Here's what happened just in the last week...
o Iranian foreign minister Manouchehr Mottaki called for the elimination of “the illegitimate Zionist regime” and support for “the legitimate resistance . . . of Hamas.” He also declared that “in accordance with its Constitution . . . Iran makes every effort to promote and protect human rights and fundamental freedoms.” That would be the same constitution that allows stoning, amputation, and the murder of homosexuals for the crime of existing.
o Saudi Arabia’s Human Rights Commission chairman, Bandar bin Mohammed al-Aban, told those assembled at the Council that “the kingdom continues a consistent policy of promoting and consolidating principles of justice and equality among all members of society.” He didn’t mention that last week another Saudi woman was arrested for being behind the wheel of a car.
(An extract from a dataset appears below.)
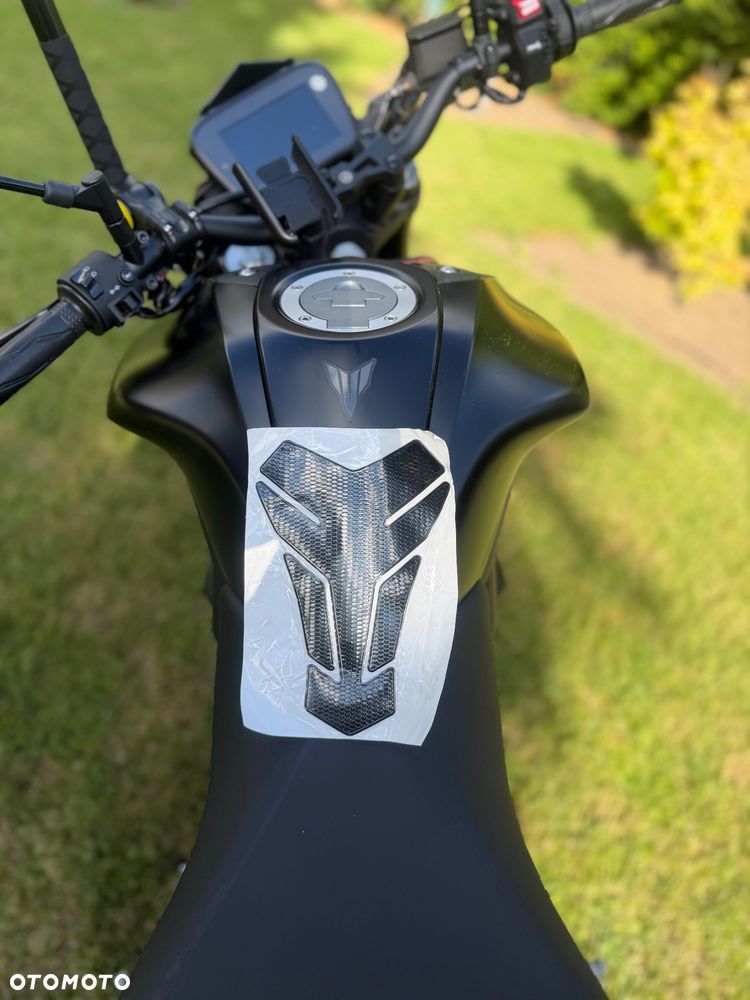 Yamaha MT - 7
o The Egyptian minister for legal and parliamentary councils, Mufid Shehab, said it was paramount that “freedom of expression should not lead to abuse of religions and religious standpoints. . . . Societies should be obliged to punish acts of free expression when they damage the rights of others. . . . Opinions cannot be expressed freely if this affects . . . religious sensibilities.”
o Cuba’s justice minister, Maria Esther Reus González, ranted about U.S. “plans for global domination,” “wars of pillage and conquest,” and “twenty long years . . . of blockade and aggression.” (A Council decision of 2006 takes Cuba’s human-rights record permanently off the table.)
o Sudan’s justice minister, Abdel Daiem Zumrawi, gave an account of his country’s positive “endeavors in Darfur” — also known as genocide. He told the U.S. “to increase [its] contribution to a peaceful solution by exercising pressure on all of the armed groups” — excluding the government of Sudan.
o The “Palestine Deputy Minister of Foreign Affairs,” Ahmad Soboh, spoke warmly of “the outstanding progress” of the Human Rights Council as compared with the Commission. Over 40 years, 30 percent of all the country condemnations made by the Commission were directed at Israel. The Council has already directed over 50 percent of all condemnations at Israel.
o China’s representative, Li Saodong, made a nice speech about China’s “democracy” and “democratic institutions” and its “continued policy of ethnic equality . . . to protect religious [and] cultural identities, and heritage” — which of course would be news to the Dalai Lama and other Tibetans. He then called for states to “engage in dialogue and cooperation.” Sound familiar?